Your goal
The records follow. Copy them exactly, but omit the pictures.

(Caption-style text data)
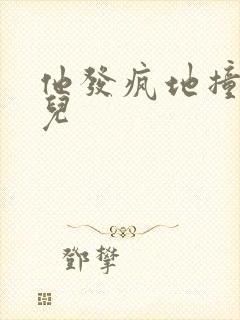 他发疯地撞着女儿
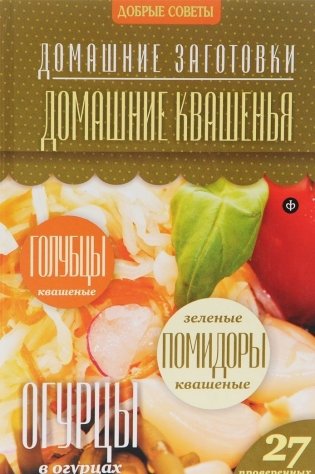 Домашние квашения фото книги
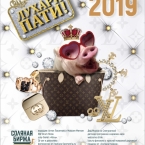 Новый год 2019 в ресторане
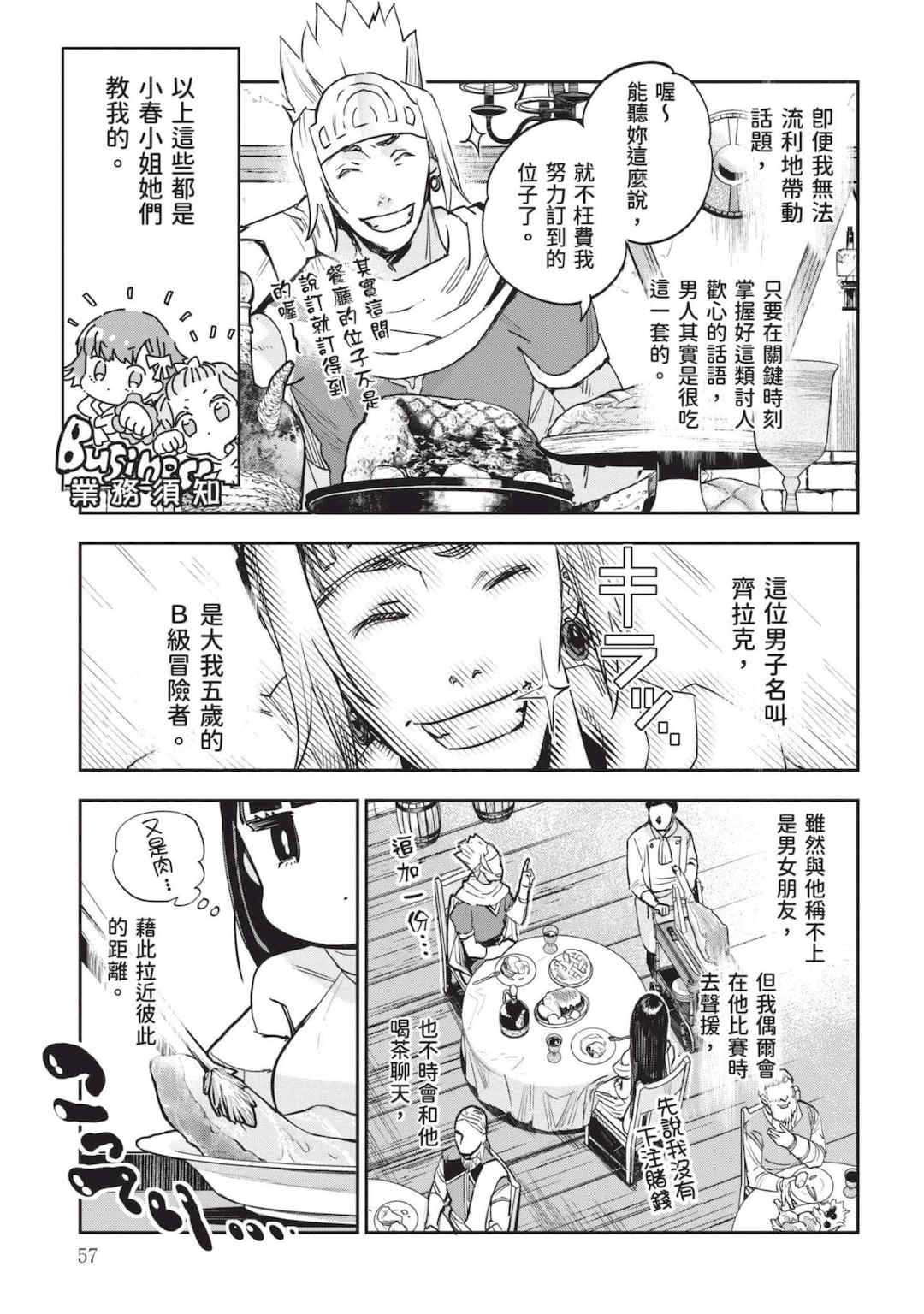 [山田J太,平鳥コウ] JKハルは異世界で娼婦になった 7＼女高中生小春在異世界成為娼妓 7 [中国翻訳]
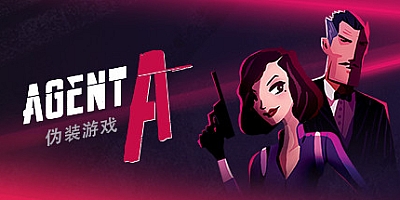 特工A:伪装游戏 v5.3.9|解谜冒险|容量650MB|免安装绿色中文版|支持键盘.鼠标.手柄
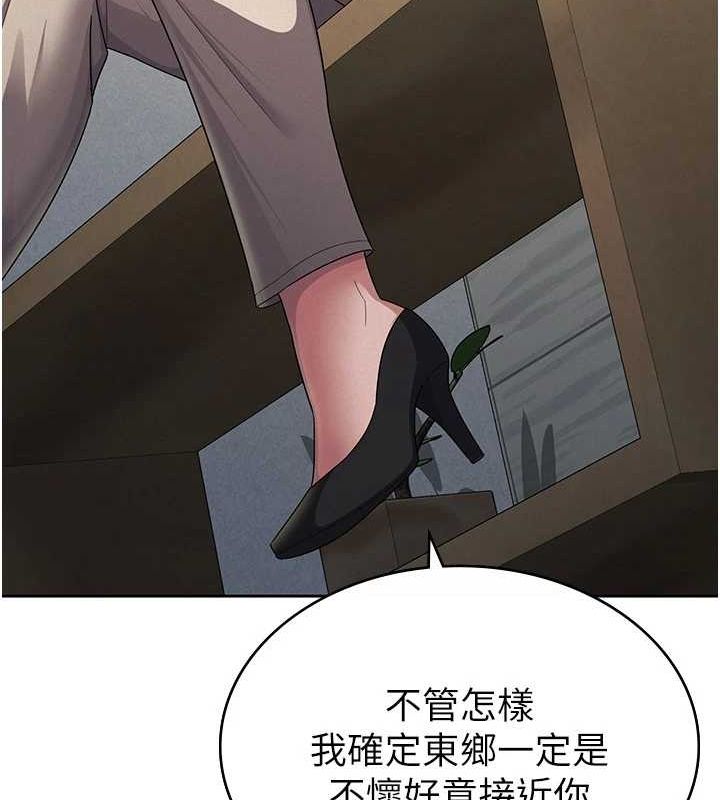 《稅金女友》漫画 第34話-用身體上班的巨屌同事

Answer box
 他发疯地撞着女儿
 Домашние квашения фото книги
 Новый год 2019 в ресторане
 [山田J太,平鳥コウ] JKハルは異世界で娼婦になった 7＼女高中生小春在異世界成為娼妓 7 [中国翻訳]
 特工A:伪装游戏 v5.3.9|解谜冒险|容量650MB|免安装绿色中文版|支持键盘.鼠标.手柄
 《稅金女友》漫画 第34話-用身體上班的巨屌同事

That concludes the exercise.